Personally, I would just use the Search And Replace String, setting the "replace all" to TRUE and then just use the "Number Of Replacements" output.
03-14-2022 09:33 AM - edited 03-14-2022 09:54 AM
Try this:
Honestly, crossrulz solution above is much better.
03-14-2022 10:10 AM
One unpleasant complication is figuring out what delimits a word.
03-14-2022 10:16 AM
@paul_cardinale wrote:
One unpleasant complication is figuring out what delimits a word.
Irrelevant, the program searches for an exact match and returns how many time that exact match was found.
03-14-2022 10:19 AM - edited 03-14-2022 10:30 AM
@paul_cardinale wrote:
One unpleasant complication is figuring out what delimits a word.
I agree that the problem is much more complicated, because there are plenty of delimiters (space, tab, period, linefeed, double-quote, numbers, etc.) so it is important to only use consecutive strings from the correct lexical class.
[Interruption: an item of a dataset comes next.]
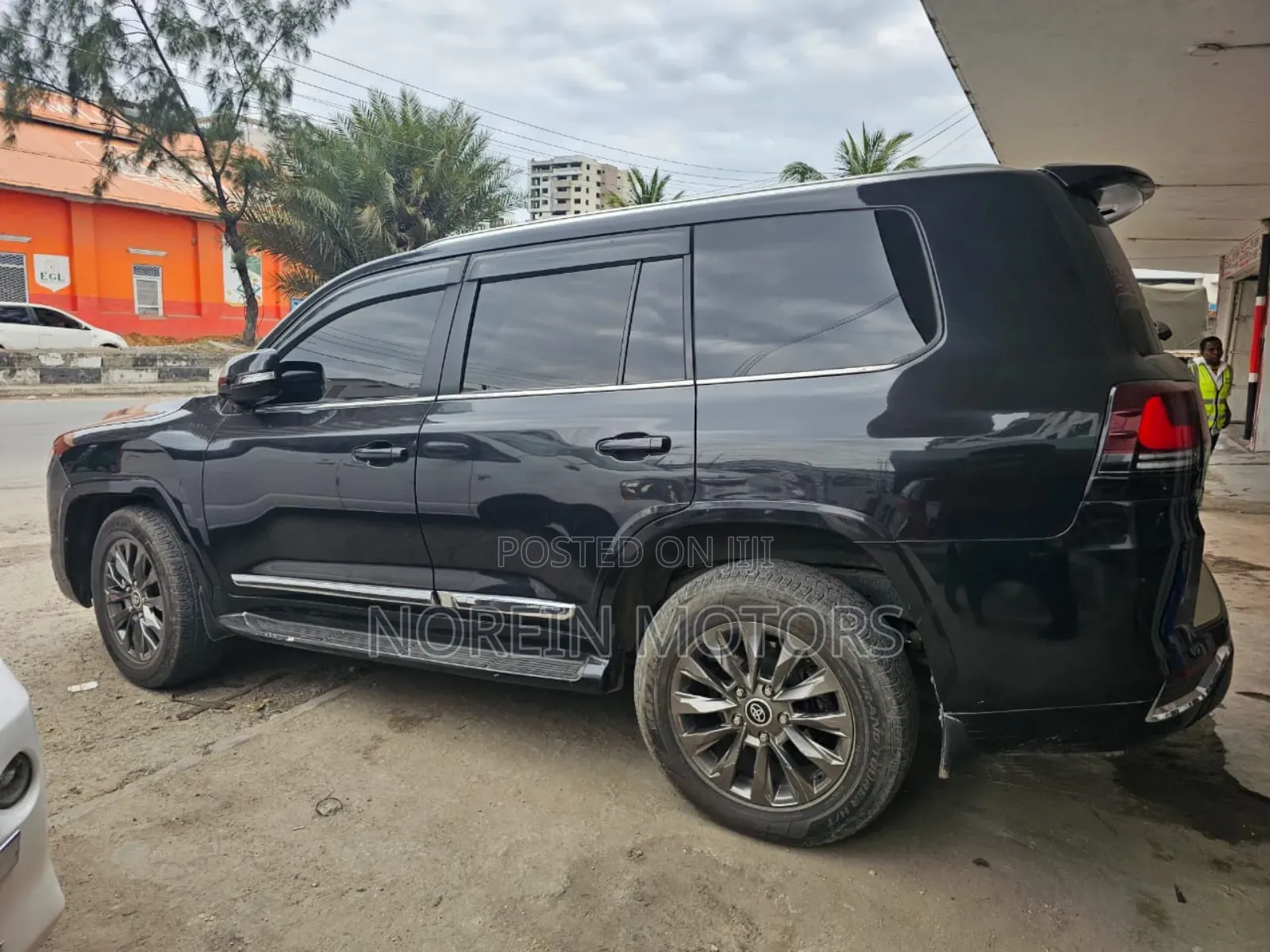 Toyota Land Cruiser 2024 Matt Black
Just searching for a substring will give you plenty of false positives (e.g. searching for "trust" would also count the substring in "trustworthy" as a "word", etc.). You also need to ignore upper/lowercase.
Still, this is a simple homework problem to solve. Try it!
Some comments to the original code:
03-14-2022 10:21 AM
@RTSLVU wrote:
@paul_cardinale wrote:
One unpleasant complication is figuring out what delimits a word.
Irrelevant, the program searches for an exact match and returns how many time that exact match was found.
Certainly not irrelevant. Suppose the text contains " forum ", and you search for the word "rum" without regard for delimiters; you would get a match there in "forum". But that is not the word "rum" and shouldn't be counted as such.
03-14-2022 10:23 AM
@altenbach wrote:
@paul_cardinale wrote:
One unpleasant complication is figuring out what delimits a word.
I agree that the problem is much more complicated, because there are plenty of delimiters (space, tab, period, linefeed, double-quote, numbers, etc.) so it is important to only use consecutive strings from the correct lexical class. Just searching for a substring will give you plenty of false positives (e.g. searching for "trust" would also count the substring in "trustworthy" as a "word", etc.).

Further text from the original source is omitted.